As remote work takes hold in so many industries, leaders need to think about how they'll help employees avoid burnout in the long run.

9 min read


Protecting remote workers' productivity and performance


This article is written by Michael Lee Stallard and Katharine P. Stallard.

Most office workers became remote workers when social distancing measures put into place in March to slow the spread of the coronavirus dramatically changed the way we go about our days.

If that was you, over the last several months, you have had a taste of the long-touted benefits of remote work — no commute (a savings of nearly an hour a day for the average American, plus the cost of commuting) and flexibility. You may also be wrestling with the challenges of blurred lines between company time and personal time, and how to effectively collaborate with colleagues who are no longer down the hall.

Early on, these office-turned-remote workers may have put in longer hours and worked hard to show they were being productive in the changing environment. It’s temporary, they may have told themselves. “If layoffs might be coming, I need to prove myself now.”

Leaders who may have previously resisted extending the option of remote work to employees out of a concern that it will negatively impact productivity were relieved to see the opposite: “Maybe having a largely remote workforce is not so bad.”.Running at that pace, though, is not sustainable and can lead to burnout.

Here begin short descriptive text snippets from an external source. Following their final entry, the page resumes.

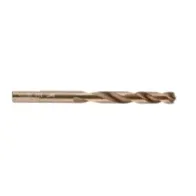 Milwaukee Wiertła Red Cobalt HSS-G HSSGC 10,2 x 133 - 5 szt. 4932471143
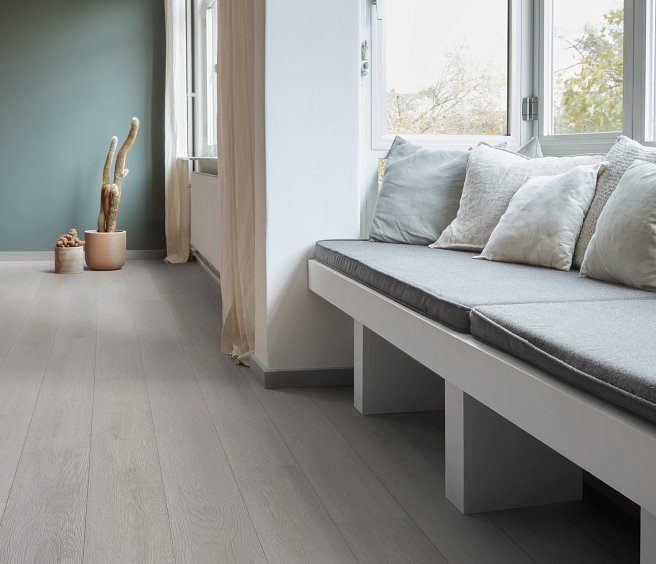 Coretec Naturals Iris 50 LVRE 2995 Plank Click SPC Flooring
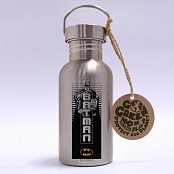 DC Comics Edelstahl-Trinkflasche Batman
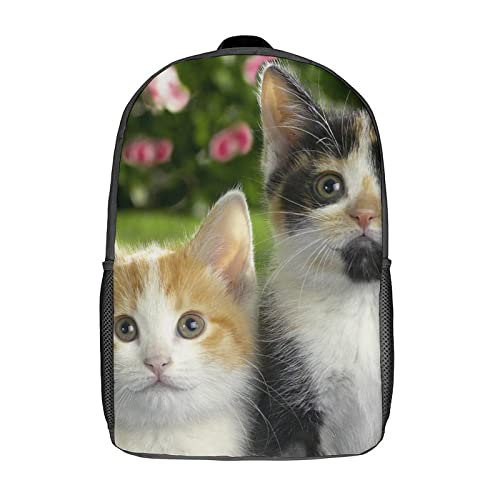 Sac d'école pour enfants avec impression 3D moderne grand format
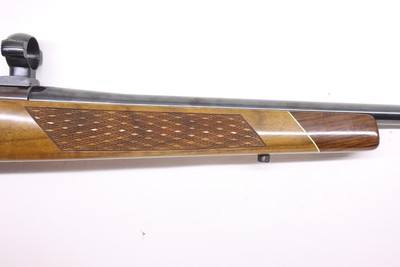 Sako L461 461 Deluxe 222 Remington 24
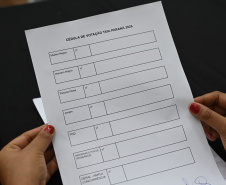 TEIA/Fórum Cultura Viva Paraná 2026 encerra programação com eleições de  delegados para fase nacional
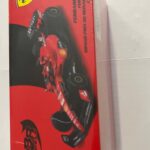 Ferrari SF-23 Leclerc BBR 1/64°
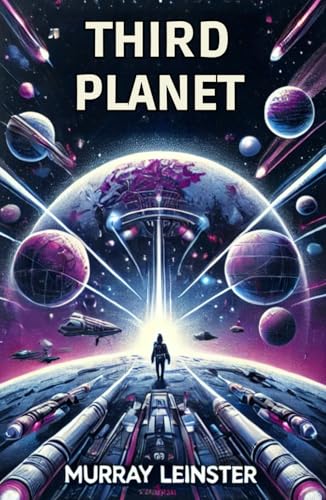 Third Planet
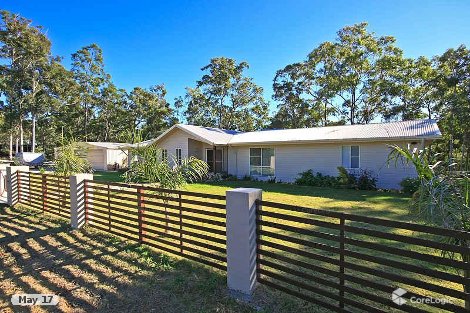 24 Solomon Lane, Wongawallan, QLD 4210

Even as restrictions begin to ease and it becomes possible to return to the office, we are seeing more organizations announce that remote working will continue in some form.

The open question is whether this change will pay off for individuals and for organizations. What do we need to watch out for to preserve the health and viability of all parties?

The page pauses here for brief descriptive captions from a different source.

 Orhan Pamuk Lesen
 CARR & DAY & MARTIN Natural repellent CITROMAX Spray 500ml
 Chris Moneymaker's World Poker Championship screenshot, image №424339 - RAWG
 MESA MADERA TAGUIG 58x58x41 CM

Productivity is clearly a concern. Related to that is collaboration and innovation. A shared physical workplace allows for opportunities to gather around a whiteboard or someone’s laptop to bounce ideas back and forth. And how many of us have had an “aha moment” that sprang from a casual conversation by the coffee maker or an insight gleaned by asking that quick question as you stood in the doorway of someone’s office?

It’s in these collective and sometimes organic interactions where a collision of ideas may produce new processes, products and services. Working alone in front of your laptop most of the day and communicating through screens and over the phone changes things.

Beware virtual distance

In this time of transition, and as more of us remain being colleagues working remotely, a risk to be aware of is what Stony Brook University professor Karen Sobel-Lojesky has identified as “virtual distance.” Virtual distance has three components:

  1. Physical distance
  2. Operational distance, including such conditions as poor internet connections and technical problems
  3. Affinity distance, which prevents deeper connections from developing

Her research has found that too much time spent interacting via screens can result in a myopic mindset that sets in, causing people to miss the big picture and context of their work.

According to Sobel-Lojesky, increased virtual distance results in a connectivity paradox: As more people are connected virtually, they feel increasingly isolated. Sobel-Lojesky and her colleagues have found that when virtual distance is relatively high, a number of negative effects arise, including:

  • “Innovative behaviors fall by over 90%
  • Trust declines by over 80%
  • Cooperative and helping behaviors go down by over 80%
  • Project success drops by over 50%”

Clearly, experiencing high virtual distance is going to be a drag on engagement and productivity. So, what can leaders do to address virtual distance?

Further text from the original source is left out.